India’s provision of critical infrastructure like oil pipelines and its strategic facilitation of regional energy trade have further diminished China’s appeal. The planned pipelines between India and Nepal make Beijing’s proposal to transport fuel across Himalayan passes obsolete.

The Road Ahead

Nepal’s cautious approach to the BRI reflects a growing understanding of the geopolitical and financial risks tied to China’s ambitious projects. By contrast, India’s infrastructure and energy partnerships with Nepal are grounded in immediacy and economic pragmatism, offering a starkly different developmental model.

The symbolic mention of the Trans-Himalayan Multi-Dimensional Connectivity Network in a joint communiqué from Oli’s visit does little to dispel the cloud of uncertainty hovering over the BRI in Nepal. As the Institute of South Asian Studies in Singapore aptly notes, the interpretation of “aid financing” will determine whether these projects ever move forward—or remain trapped in bureaucratic limbo.

For Beijing, the standoff with Nepal is more than a bilateral challenge.

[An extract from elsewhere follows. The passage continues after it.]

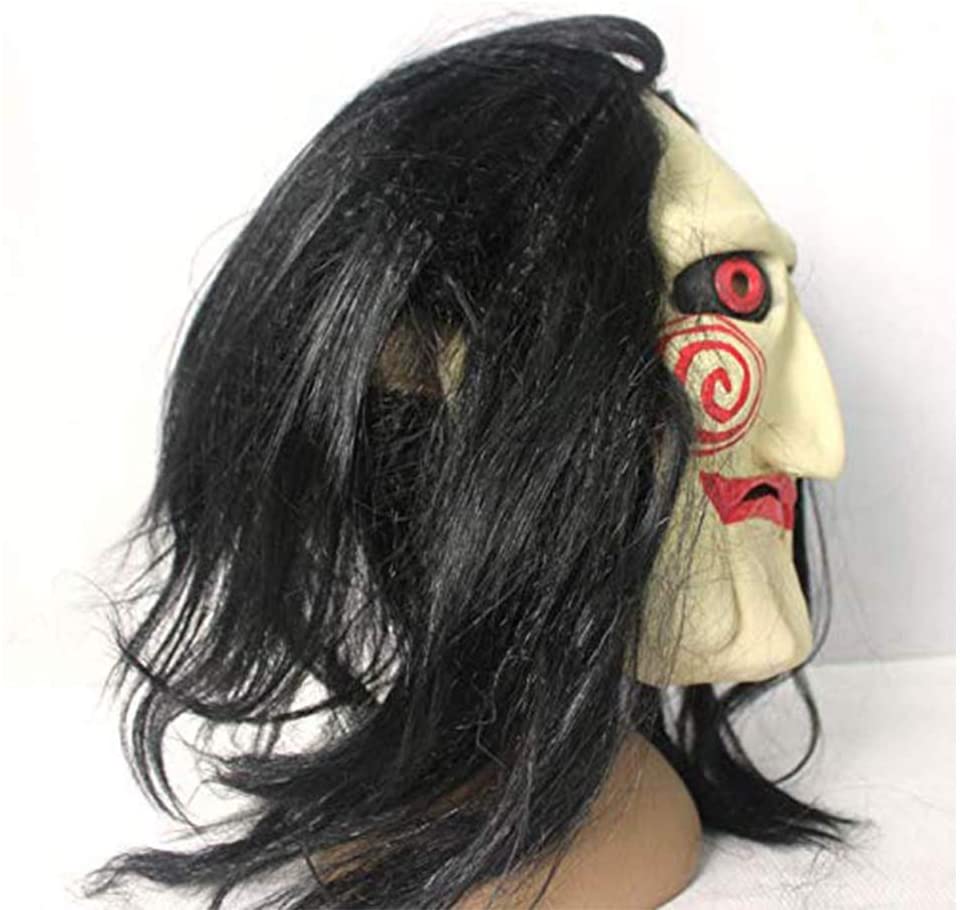HALLOWEEN MASK - Billy The Puppet Mask From Movie Jigsaw Full Mask Head Latex - Image 5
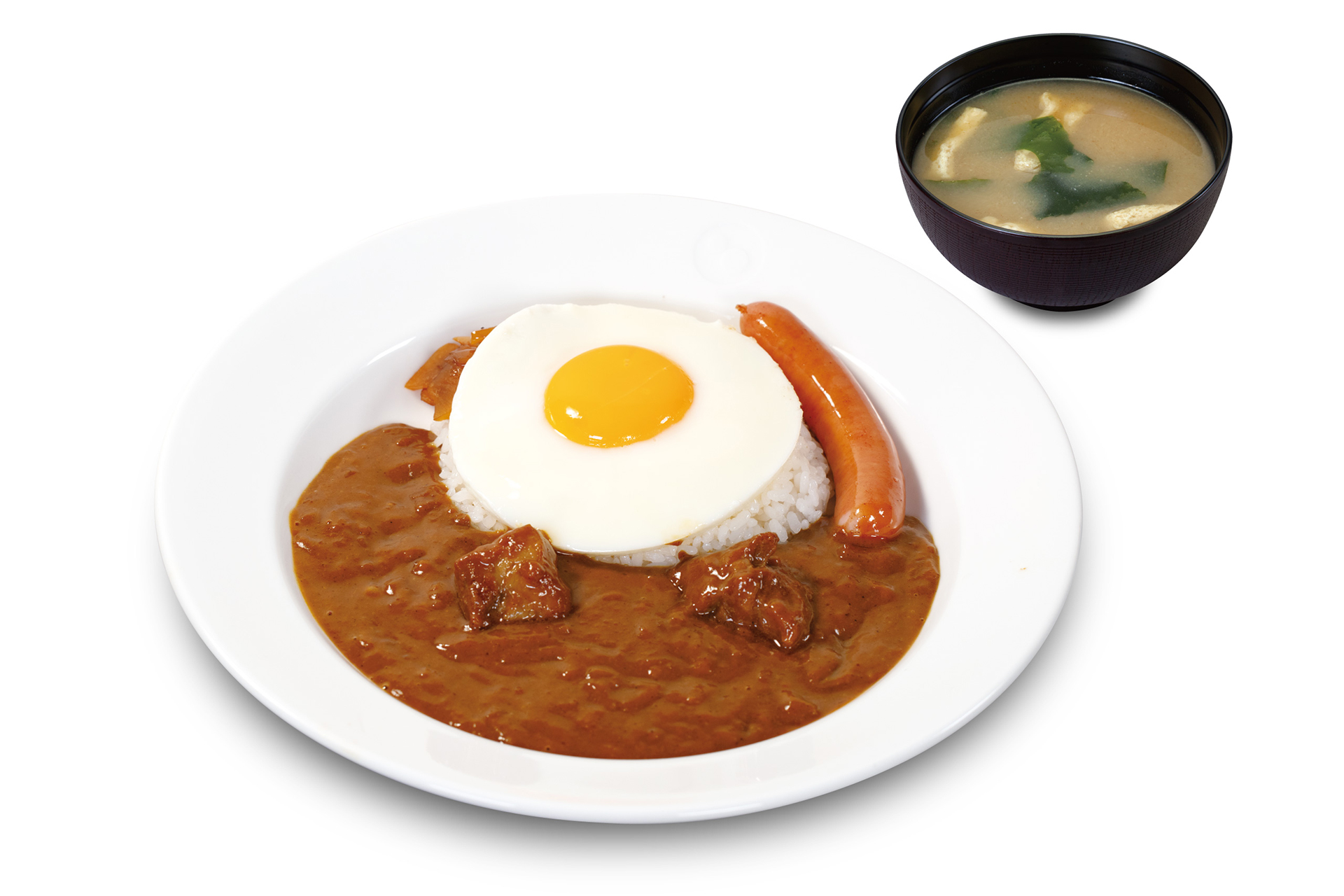 ソーセージエッグ欧風牛タンカレー（930円）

It is a microcosm of the difficulties China faces in adapting its BRI framework to local realities. For Kathmandu, the slow unraveling of BRI ambitions may well mark the start of a strategic recalibration, one that looks increasingly toward New Delhi as a partner of choice.

In the end, the fate of the BRI in Nepal may hinge not on grand declarations but on the mundane mechanics of financing—and the hard-won trust that comes with equitable partnerships.